Tuesday, August 12, 2025

12th Edited Collection of Student and Teacher Writing, POW!, Will Be Heading Off to the Publisher Soon. Hard to Believe We've Gone Full Circle Again

In the pre-tenure, bad years, where everything was dumped on junior faculty and there was little room to resist, it took me almost a year to get POW! to the publisher. Now, post-tenure and granted Full Professorship, I'm more entitled to call the shots the way I want them to be played, and this includes prioritizing what is most important to me, which is getting a copy of the publication in the hands of teachers and students from summer programs as soon as possible.

This means, of course, that I am spending all my free time editing the writing of 100s of teachers and kids so it is ready to head to the printshop. The little kid writing and Ubuntu Academy cracks me up and brings total joy. Teacher writing is peculiar, but it's easy to figure out what they're trying to accomplish. As for the middle-grade novelists. Oi Vay! Now that is a process. The kids never seem to put a name on anything. They love adding tabs and using bizarre fonts that don't translate well to our editing software, and they only sometimes choose to use punctuation (which is agonizing when 150% of their novel is written in script form. In the end it comes together, but while editing I want to gouge my eyes out.

This is the 12th publication of POW! and we're using it to celebrate our 40th anniversary in Connecticut. We're just a decade younger than the first institute that was established in 1974.  I'm not sure the teacher network is as solidified as it was in the 80s and 90s, but we're doing everything we can to fight the encroachment of politicians destroying what actually works in the classroom. It gets harder every year.

I'm not sure what got into me yesterday to commit to 14-hours of editing, but I know I want to get this off my plate so I can be prepared to put out the zillion fires that will likely arrive when everyone else returns to campus after three months off after taking their summers 'to write.' I use the pace of summer to stay disciplined, and usually dust of 2 to 3 articles myself (which I did this summer, which pleases me, because I'm also running a 175 hours of labs, teaching, and editing POW!

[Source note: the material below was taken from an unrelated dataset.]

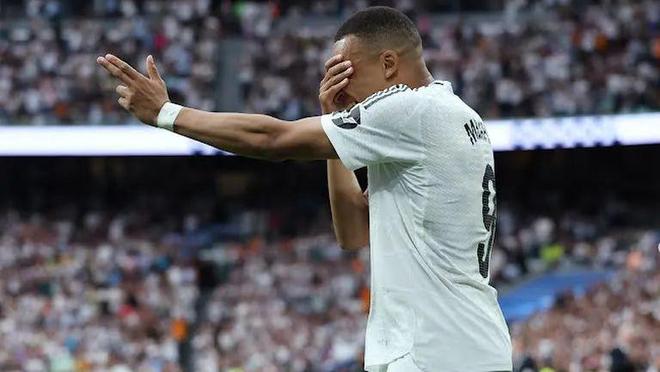 欧冠与金球姆巴佩的每一步都没赶到点上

I'm fickle about the heat. I don't mind it in July and am used to sweating bullets then. When it enters August, however, with the grass and perennials all dried up (I don't water) and the cicadas humming as they do, I don't want the heat. I'm sick of it. My throats dry. My mouth is dry. My nostrils are dry. I want rain and revitalization....not humidity and air quality alerts.

It's already Tuesday and my summer to-do list is waiting for me to yell ta-da! All done (it won't happen, but I will try).